# WORK ITEM
Set down the data below in full and exactly, minus the pictures.

# GIVEN ENTRIES
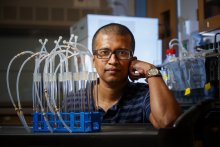 Rajib Saha, assistant professor of chemical and biomolecular engineering Rajib Saha, assistant professor of chemical and biomolecular engineering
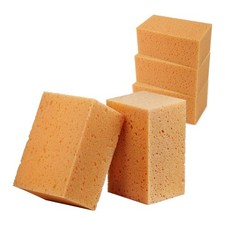 5 PCS Car Wash Sponges, 8.5" 4.4" 3.5" Water-Absorbent Non-Scratch Cleaning S...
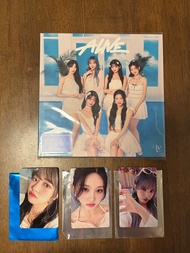 IVE 日專 ALIVE <初回生産限定盤B> [CD+PHOTOBOOK] 連小卡 - Yujin 安兪眞 Rei 直井怜 Wonyoung  張員瑛 Gaeul 金秋天 Liz 金志垣 Leese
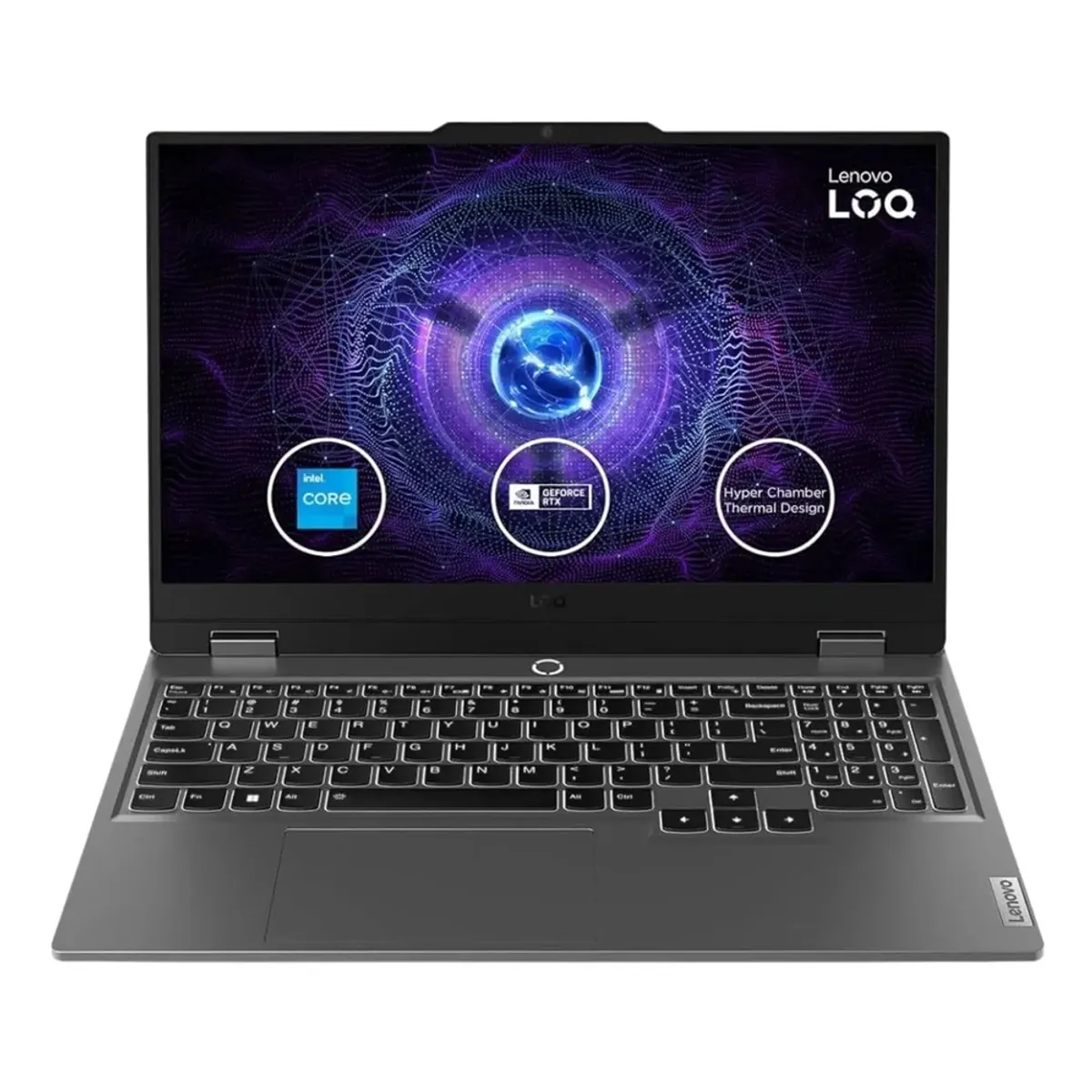 LENOVO - Laptop Lenovo LOQ 15.6  Intel Core i5 512GB SSD 8GB RTX 3050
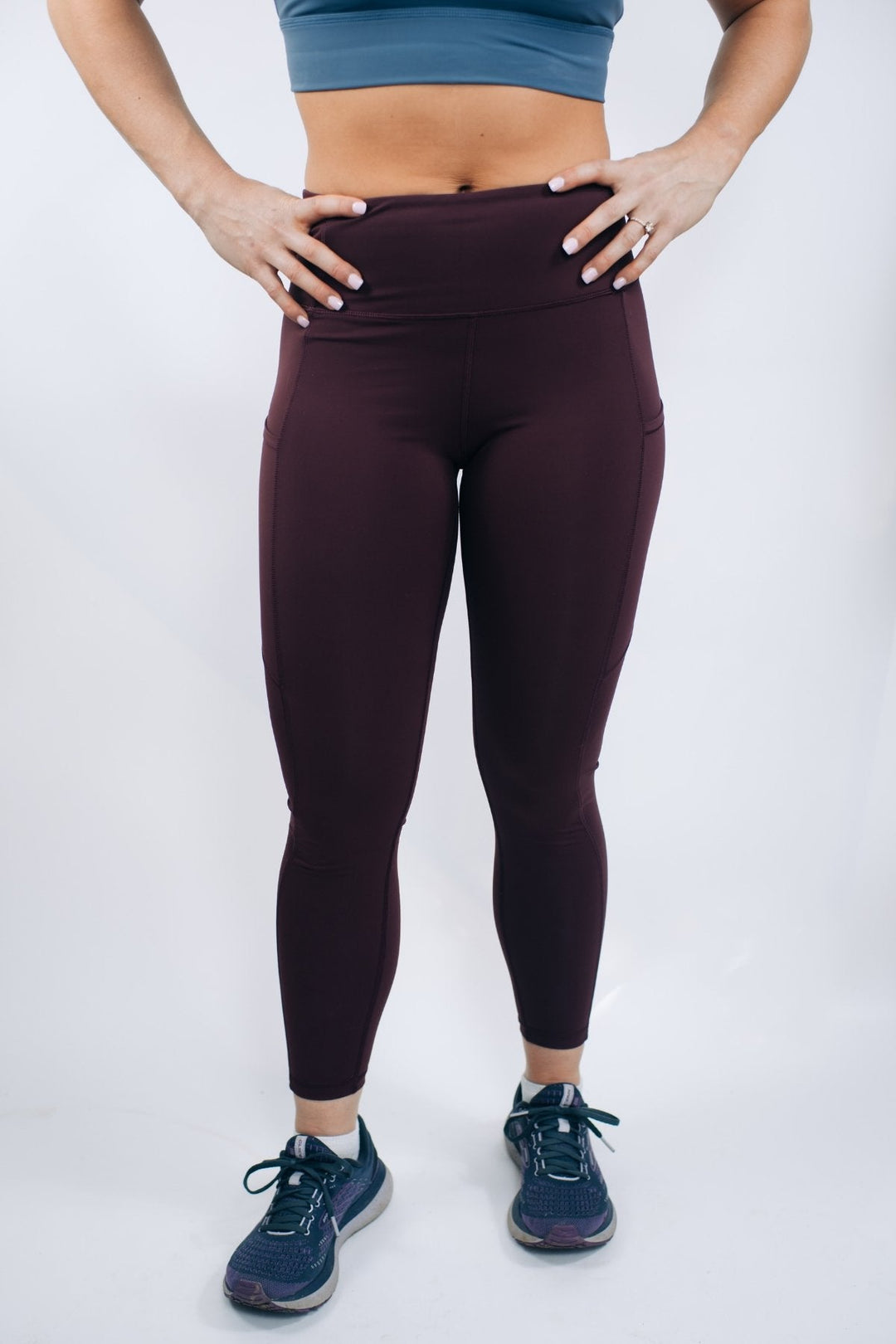 Fast Seven Pocket Tights (Full Length) - Koala Clip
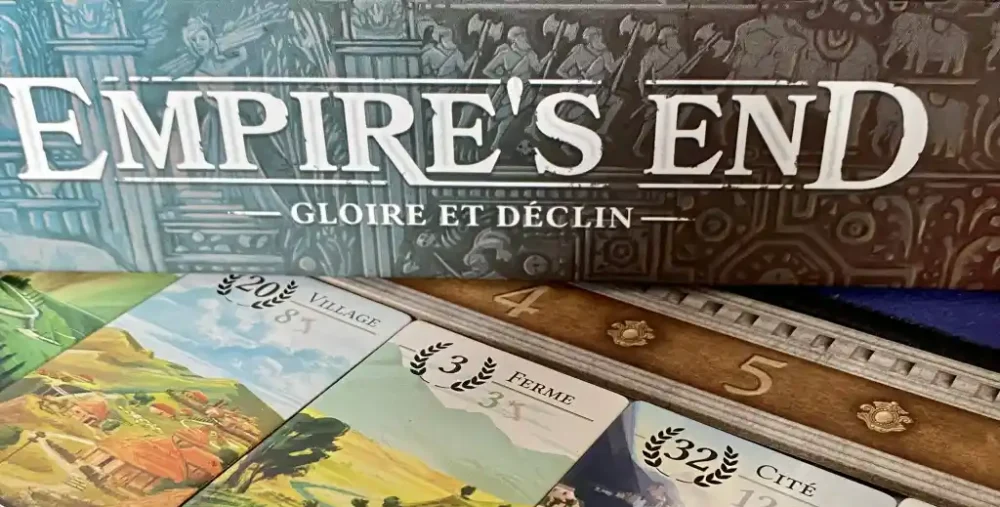 Empire's End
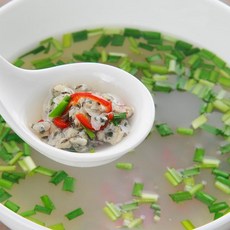 정옥재첩국(해강) 정옥 국내산 재첩국 300g x 11팩 / 총 3.3kg, 1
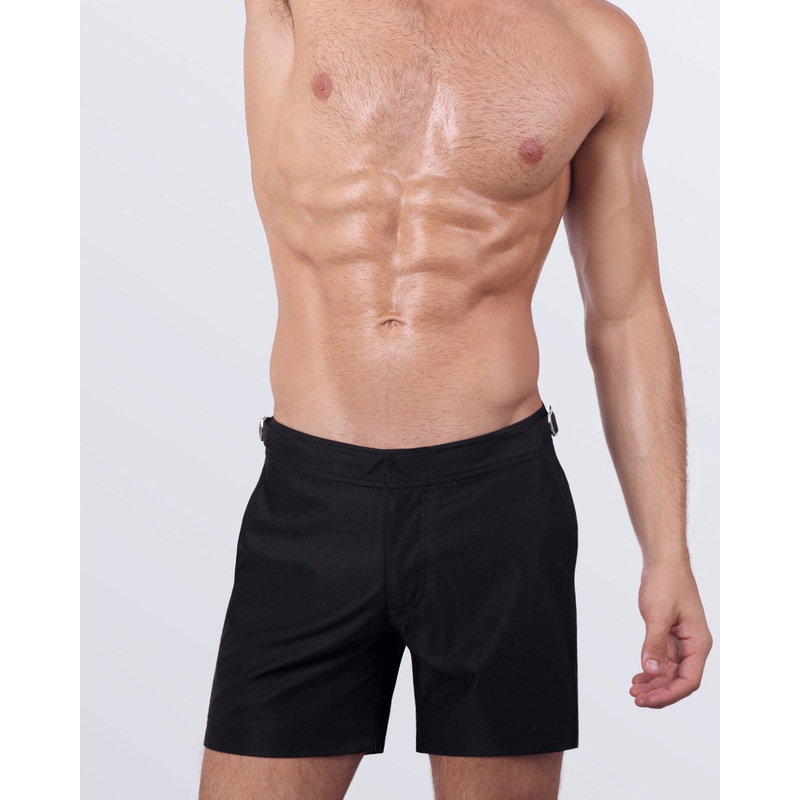 JET BLACK - Tailored Shorts | DC2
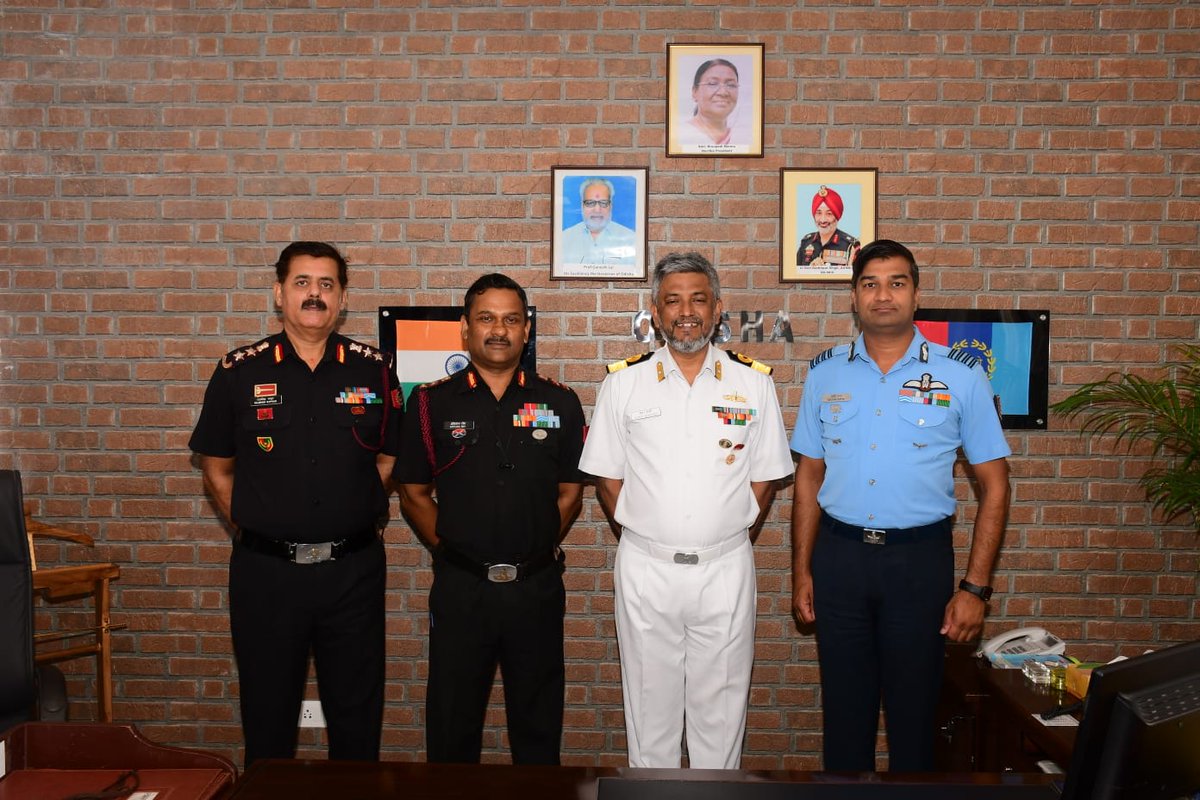 #NationalCadetCorps
A warm send off to Commodore Somen Banerjee, DDG NCC Directorate Odisha by all ranks of NCC Directorate Odisha. The three Group Commanders were also in attendance.
<a href="/GovernorOdisha/">Governor Odisha</a> 
<a href="/Naveen_Odisha/">Naveen Patnaik</a>
<a href="/HQ_DG_NCC/">National Cadet Corps</a>
<a href="/DHE_Odisha/">Higher Education Department, Govt. of Odisha 🇮🇳</a>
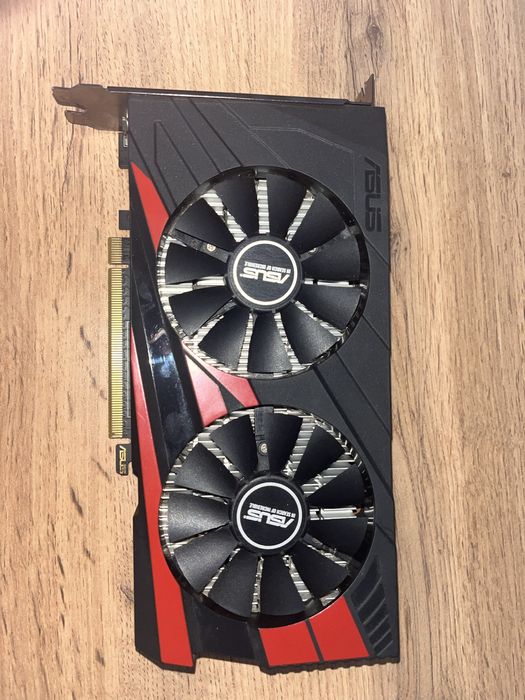 Видеокарта ASUS GTX1050ti 4gb
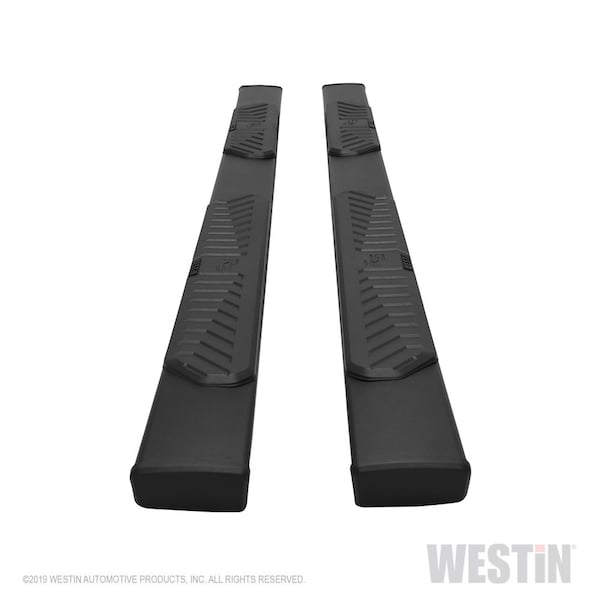 Westin Automotive 20-C GLADIATOR TEXTURED BLACK R5 NERF STEP BARS 28-51325 - main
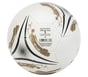 Hex Brushed Size 5 Soccer Ball, WHITE / GOLD, full image number 1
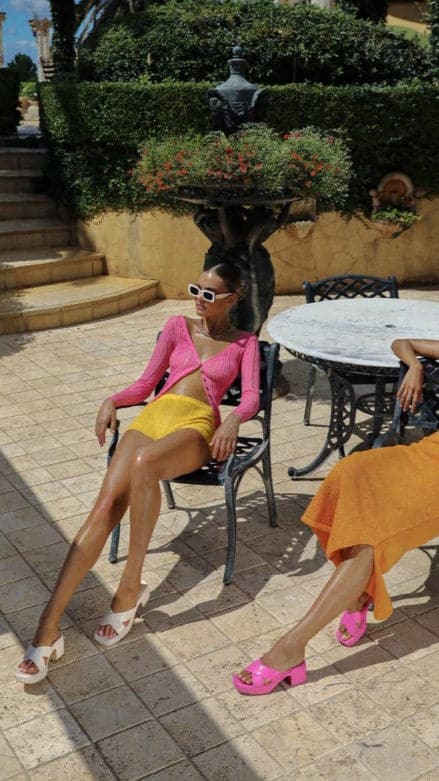 Pennie Heel - Lipstick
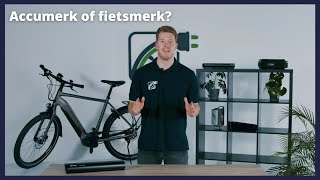 Alles wat je moet weten over het fietsmerk en accumerk van je elektrische fiets [upl. by Carmelle]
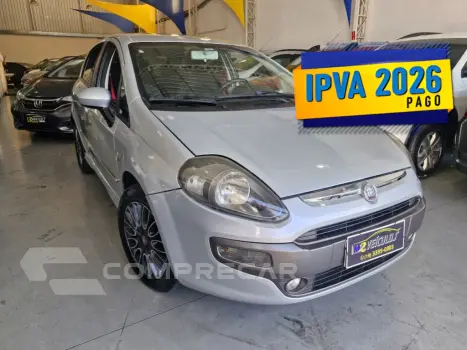 PUNTO 1.8 SPORTING 16V FLEX 4P AUTOMATIZADO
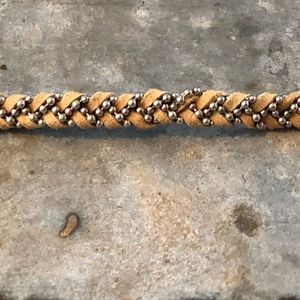 Braided Chain Bracelet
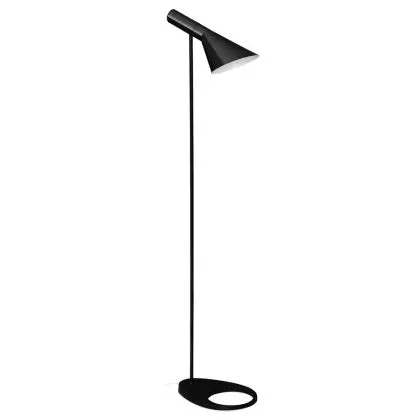 Buy Alan Floor Lamp - Steel Black 14634 with a guarantee 
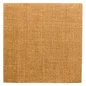 SERVIETTES ECOLABEL DOUBLE POINT 'ARPILLERA' 19 G/M2 40x40 CM MARRON OUATE RECYCLÉE (1200 UNITÉ) SERVIETTES ECOLABEL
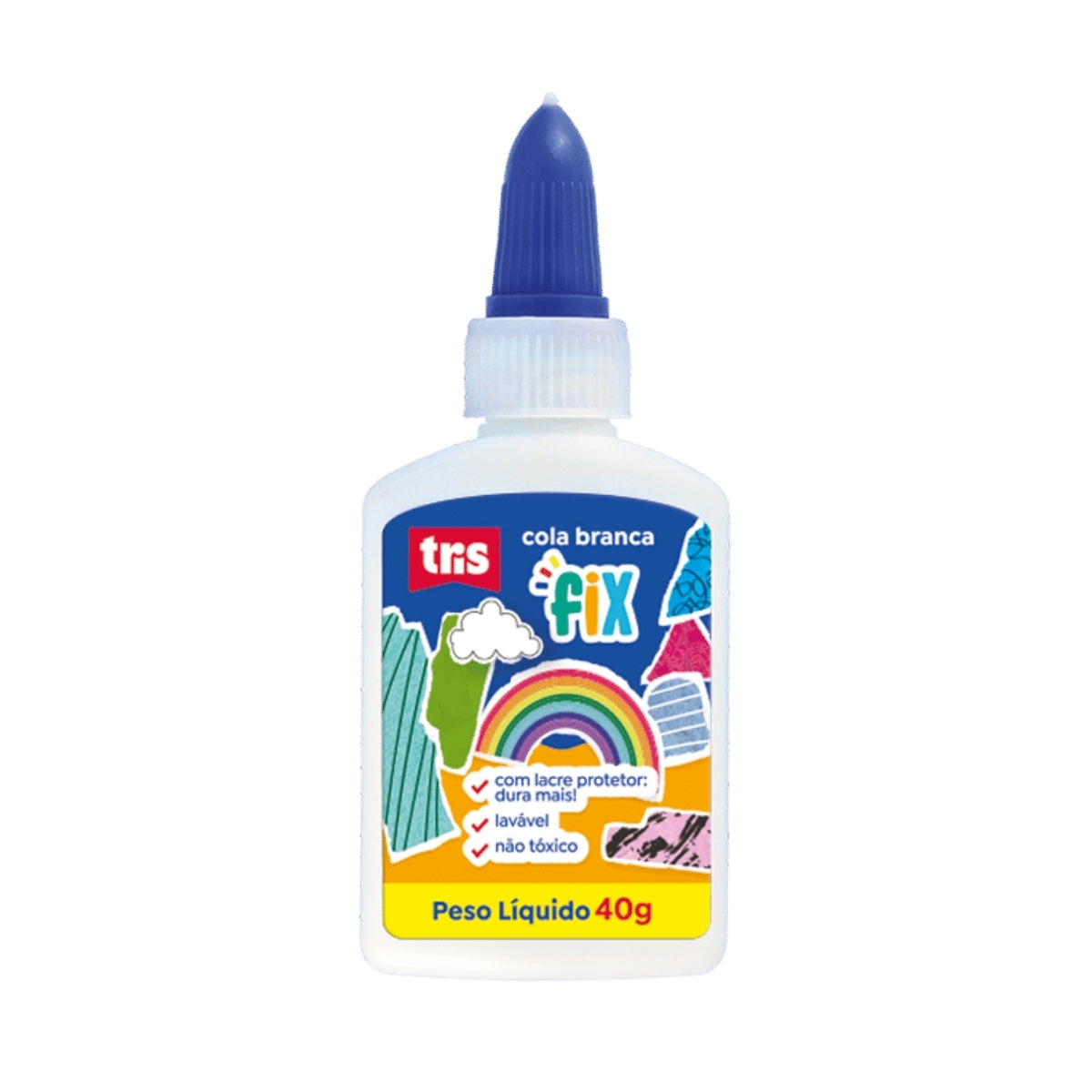 Cola Branca Fix 40g - Tris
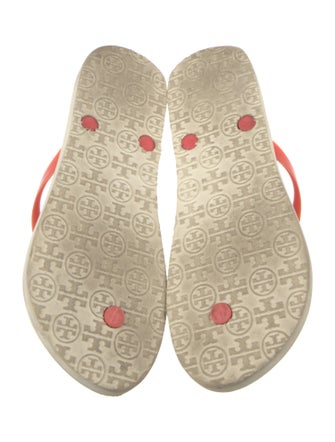 Tory Burch Rubber Flip Flops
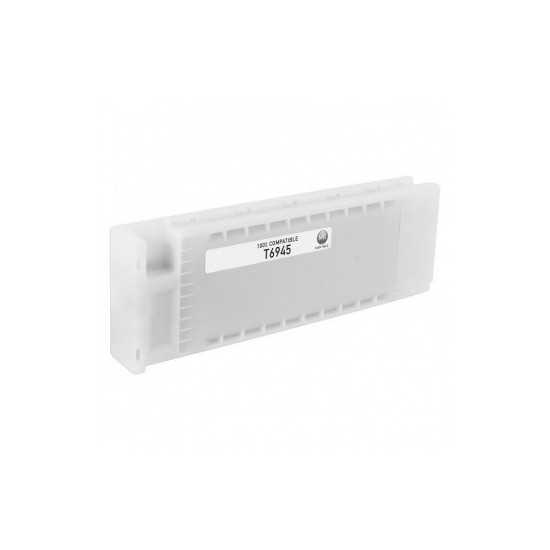 CARTOUCHE GENERIQUE EPSON T6925 / T6935 / T6945 NOIR MAT 700ML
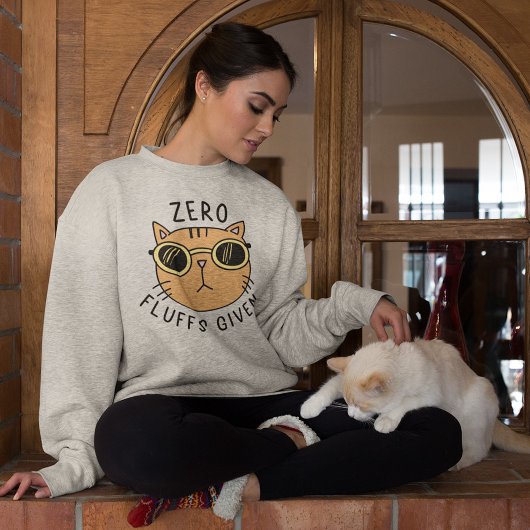 Null Fluffs gegeben Sweatshirt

# SOLUTION BELOW
 Rajib Saha, assistant professor of chemical and biomolecular engineering Rajib Saha, assistant professor of chemical and biomolecular engineering
 5 PCS Car Wash Sponges, 8.5" 4.4" 3.5" Water-Absorbent Non-Scratch Cleaning S...
 IVE 日專 ALIVE <初回生産限定盤B> [CD+PHOTOBOOK] 連小卡 - Yujin 安兪眞 Rei 直井怜 Wonyoung  張員瑛 Gaeul 金秋天 Liz 金志垣 Leese
 LENOVO - Laptop Lenovo LOQ 15.6  Intel Core i5 512GB SSD 8GB RTX 3050
 Fast Seven Pocket Tights (Full Length) - Koala Clip
 Empire's End
 정옥재첩국(해강) 정옥 국내산 재첩국 300g x 11팩 / 총 3.3kg, 1
 JET BLACK - Tailored Shorts | DC2
 #NationalCadetCorps
A warm send off to Commodore Somen Banerjee, DDG NCC Directorate Odisha by all ranks of NCC Directorate Odisha. The three Group Commanders were also in attendance.
<a href="/GovernorOdisha/">Governor Odisha</a> 
<a href="/Naveen_Odisha/">Naveen Patnaik</a>
<a href="/HQ_DG_NCC/">National Cadet Corps</a>
<a href="/DHE_Odisha/">Higher Education Department, Govt. of Odisha 🇮🇳</a>
 Видеокарта ASUS GTX1050ti 4gb
 Westin Automotive 20-C GLADIATOR TEXTURED BLACK R5 NERF STEP BARS 28-51325 - main
 Hex Brushed Size 5 Soccer Ball, WHITE / GOLD, full image number 1
 Pennie Heel - Lipstick
 Alles wat je moet weten over het fietsmerk en accumerk van je elektrische fiets [upl. by Carmelle]
 PUNTO 1.8 SPORTING 16V FLEX 4P AUTOMATIZADO
 Braided Chain Bracelet
 Buy Alan Floor Lamp - Steel Black 14634 with a guarantee 
 SERVIETTES ECOLABEL DOUBLE POINT 'ARPILLERA' 19 G/M2 40x40 CM MARRON OUATE RECYCLÉE (1200 UNITÉ) SERVIETTES ECOLABEL
 Cola Branca Fix 40g - Tris
 Tory Burch Rubber Flip Flops
 CARTOUCHE GENERIQUE EPSON T6925 / T6935 / T6945 NOIR MAT 700ML
 Null Fluffs gegeben Sweatshirt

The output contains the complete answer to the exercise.